Insulting, really? Somebody cares to try to explain you something and the word you can find is "insulting"?

It's like everyone owes it to you to chew knowledge in small enough bits that you can swallow them without any effort.

What a kindergarden.

Well, I dont agree with OP but i think you miss the mark. it's not deigning to provide an explanation that would be insulting, but the (apparent) promise of it being an accessible and intuitive explanation, and quite obviously not being one that OP considered insulting.
I understood OP exactly as you said. This doesn't justify OP's whining, not one bit.
A Kalman filter is a specific instantiation of the Bayes filter, which is very elegant and intuitive. Then once you plug in a bunch of Gaussians and linearity in the Bayes filter and crunch the math, a Kalman filter falls out.

This is how it's treated in the book Probabilistic Robotics by Thrun, Burgard, Fox and I found it to be one of the best treatments on Kalman filters. A really great book overall.

Yeah, this piece reads like the Wikipedia page for Kalman filters. It’s right, but it’s not very informative if you don’t already understand the topic. There’s definitely no attempt to simplify anything here.
Yes, when people try to explain things they will often say it’s easy in hopes that it will help the learner relax and not feel overwhelmed.

But that backfires the moment something is not easy for the learner. It’s completely demotivating.
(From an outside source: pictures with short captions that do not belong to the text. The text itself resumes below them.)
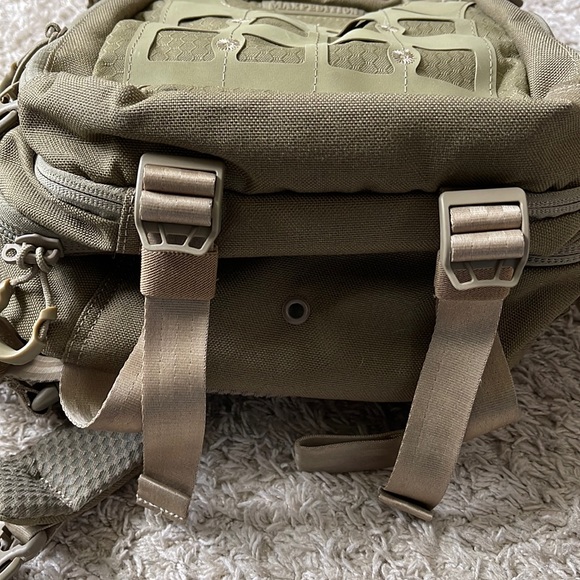 EC Maxpedition Discontinued TAN RIFTBLADE CCW-ENABLED BACKPACK 30L - Picture 10 of 16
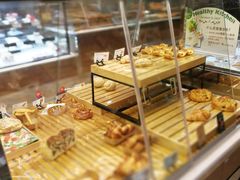 -巴黎贝甜(昆城广场店)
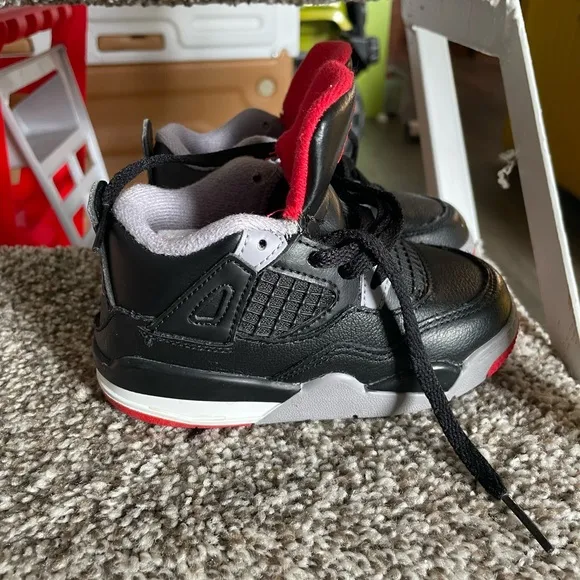 Toddler retro Jordan sneakers size 8c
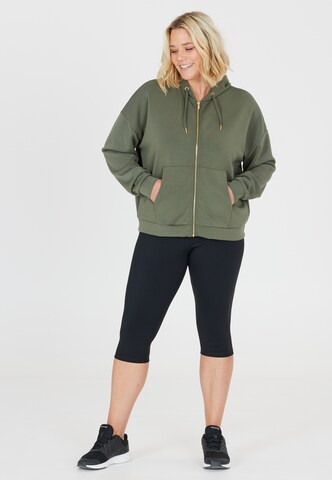 Q by Endurance Zip-Up Hoodie in Green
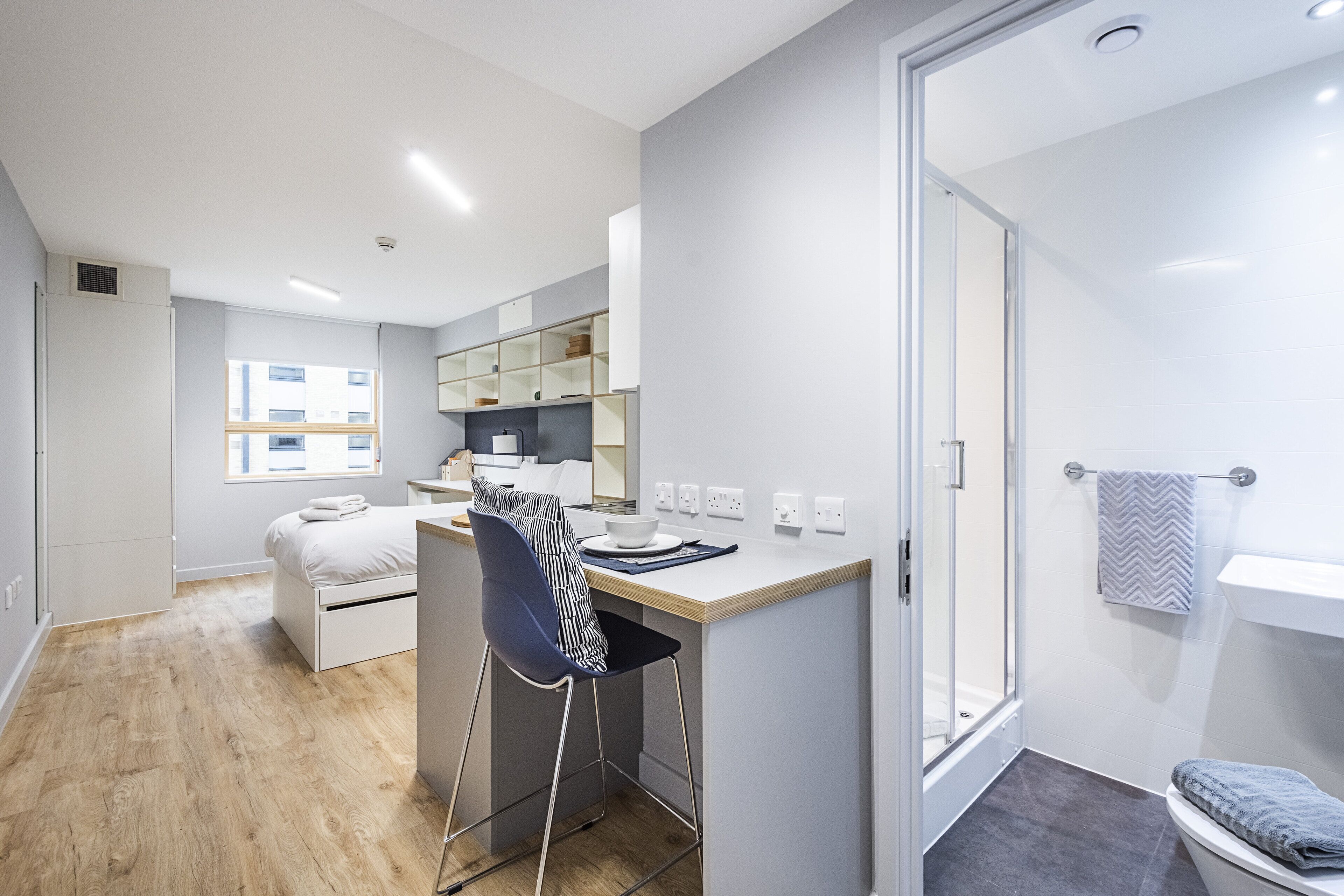 shower, free toiletries, towels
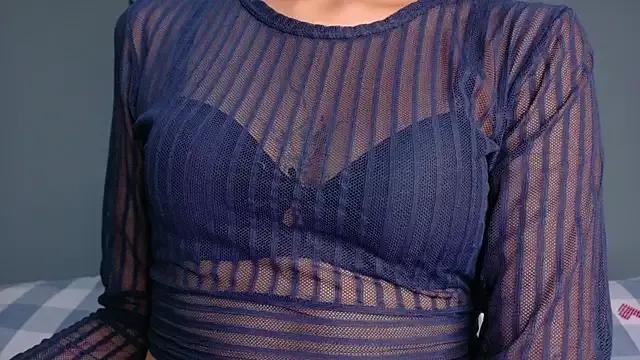 Freechat ParisFox_ on StripChat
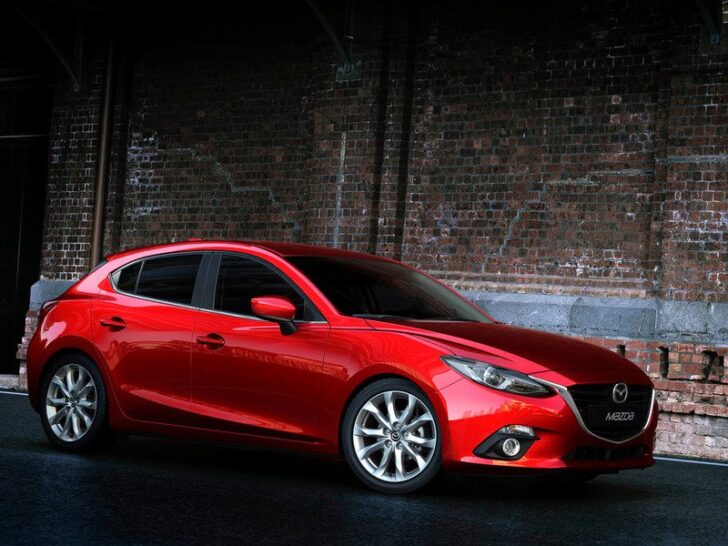 2014 Mazda3 — вид сбоку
It’s better in my opinion to say, “it’s okay if you don’t understand everything at first.” If the goal is to keep the learner from being immediately discouraged.
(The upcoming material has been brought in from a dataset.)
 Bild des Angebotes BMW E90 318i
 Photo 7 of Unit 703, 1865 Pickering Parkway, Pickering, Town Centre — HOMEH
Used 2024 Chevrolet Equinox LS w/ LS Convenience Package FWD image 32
There's a place for both kinds of explanations. This is a good way of explaining what a Kalman filter is to someone who has a mathematical background, just like if you go look up a woodworking video, it might show an interesting way for someone who is familiar with woodworking to build a chair.

Neither is useful to the novice, but an article like this going out of its way to explain, say, matrix notation, or a video about building chairs that spends the first ten minutes explaining how to use a table saw, is less useful and interesting to the experienced reader or viewer.

I suppose I agree that articles like this shouldn't be presented as easy, or for the beginner, but there's a difference between "simple" and "easy".

When it comes to the woodworking: a japanese pull saw ( https://en.m.wikipedia.org/wiki/Japanese_saw ) is a great and fairly cheap way to get started. It enables high accuracy and is still quite fast.

Then you'll need a cheap but sturdy table, a hand plane, some vices, a tape measure, a carpenter's square, a cheap cordless drill. Screwing and glueing is the best way to get solid joints for a novice.

Thanks for your comment (and thanks to everyone who answered below). I have been way too many times in the same situation where someone says something is "trivial" or "easy" so I completely get your point and will try not to make the same mistake for the next posts.

Regarding your question, I think the answers you have had are on point!

If you enjoyed this, you might also like this article from my blog:

http://heinrichhartmann.com/blog/2014/12/11/Generative-Model...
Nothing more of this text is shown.